You are viewing a plain text version of this content. The canonical link for it is here.

Posted to common-user@hadoop.apache.org by Allen Wittenauer <aw...@yahoo-inc.com> on 2008/09/01 16:32:09 UTC

Re: Integrate HADOOP and Map/Reduce paradigm into HPC environment



On 8/18/08 11:33 AM, "Filippo Spiga" <sp...@gmail.com> wrote:
> Well but I haven't understand how I should configurate HOD to work in this
> manner.
> 
> For HDFS I folllow this sequence of steps
> - conf/master contain only master node of my cluster
> - conf/slaves contain all nodes
> - I start HDFS using bin/start-dfs.sh

    Right, fine...

> Potentially I would allow to use all nodes for MapReduce.
> For HOD which parameter should I set in contrib/hod/conf/hodrc? Should I
> change only the gridservice-hdfs section?

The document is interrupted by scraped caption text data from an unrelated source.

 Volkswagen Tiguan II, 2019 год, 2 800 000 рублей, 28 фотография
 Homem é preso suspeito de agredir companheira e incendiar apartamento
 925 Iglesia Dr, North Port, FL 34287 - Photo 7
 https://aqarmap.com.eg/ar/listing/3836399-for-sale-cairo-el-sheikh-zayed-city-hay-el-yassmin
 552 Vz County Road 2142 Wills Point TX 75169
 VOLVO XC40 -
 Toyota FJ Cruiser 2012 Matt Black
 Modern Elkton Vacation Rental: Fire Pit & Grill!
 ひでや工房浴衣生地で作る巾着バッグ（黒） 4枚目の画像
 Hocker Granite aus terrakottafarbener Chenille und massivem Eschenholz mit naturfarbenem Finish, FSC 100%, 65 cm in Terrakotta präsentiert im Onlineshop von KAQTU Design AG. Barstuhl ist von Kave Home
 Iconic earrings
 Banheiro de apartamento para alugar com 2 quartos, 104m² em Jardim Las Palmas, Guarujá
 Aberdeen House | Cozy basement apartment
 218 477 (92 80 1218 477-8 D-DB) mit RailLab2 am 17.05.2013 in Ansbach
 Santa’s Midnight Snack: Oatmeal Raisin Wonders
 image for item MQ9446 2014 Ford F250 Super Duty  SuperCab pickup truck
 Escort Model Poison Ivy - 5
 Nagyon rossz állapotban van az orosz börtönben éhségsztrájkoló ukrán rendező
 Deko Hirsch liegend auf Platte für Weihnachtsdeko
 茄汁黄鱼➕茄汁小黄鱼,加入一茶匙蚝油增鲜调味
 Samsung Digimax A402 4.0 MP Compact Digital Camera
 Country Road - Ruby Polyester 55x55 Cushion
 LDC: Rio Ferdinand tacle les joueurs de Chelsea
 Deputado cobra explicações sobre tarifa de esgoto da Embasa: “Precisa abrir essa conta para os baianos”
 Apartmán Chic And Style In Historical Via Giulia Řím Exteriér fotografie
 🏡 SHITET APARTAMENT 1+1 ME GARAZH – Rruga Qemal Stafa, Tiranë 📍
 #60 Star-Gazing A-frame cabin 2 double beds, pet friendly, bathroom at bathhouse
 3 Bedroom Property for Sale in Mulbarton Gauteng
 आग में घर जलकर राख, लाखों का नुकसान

    I was hoping the HOD folks would answer this question for you, but they
are apparently sleeping. :)

    Anyway, yes, if you point gridservice-hdfs to a static HDFS,  it should
use that as the -default- HDFS. That doesn't prevent a user from using HOD
to create a custom HDFS as part of their job submission.

Re: Integrate HADOOP and Map/Reduce paradigm into HPC environment

Posted by Hemanth Yamijala <yh...@yahoo-inc.com>.

Hemanth Yamijala wrote:
> Filippo Spiga wrote:
>> This procedure allows me to
>> - use persistent HDFS on all cluster, placing namenode to frontend 
>> (always
>> up and running) and datanode to other nodes
>> - submit a lot of jobs to resource manager trasparently without any 
>> problem
>> and manage jobs priority/reservation with MAUI as simple as other 
>> classical
>> HPC jobs
>> - execute jobtracker and tasktracker services on the nodes chosen by 
>> TORQUE
>> (in particular, the first node selected becomes the jobtracker)
>> - store logs for different users into separated directory
>> - run only one job at time (but probably multiple map/reduce jobs can
>> runs together
>> because different jobs use different subset of nodes)
>>
>> Probably HOD does what I can do with my raw script... it's possibile 
>> that I
>> don't understand well the userguide...
>>
>>   
> Filippo, HOD indeed allows you to do all these things, and a little 
> bit more. On the other
> hand your script executes the jobtracker on the first node always, 
> which also seems
> useful to me. It will be nice if  you can still try HOD and see if it 
> makes your life
> simpler in any way. :-)
>
Some things that HOD does automatically:
- Set up log directories differently for different users
- Port numbers need not be fixed, HOD detects free ports and provisions 
the services to use
them
- Depending on need, you can also use a custom tarball of hadoop to 
deploy, rather than use
a pre-installed version.

Also, since HOD is only a thin wrapper around the resource manager, all 
policies that you
can set up for Maui can automatically apply for HOD-run clusters.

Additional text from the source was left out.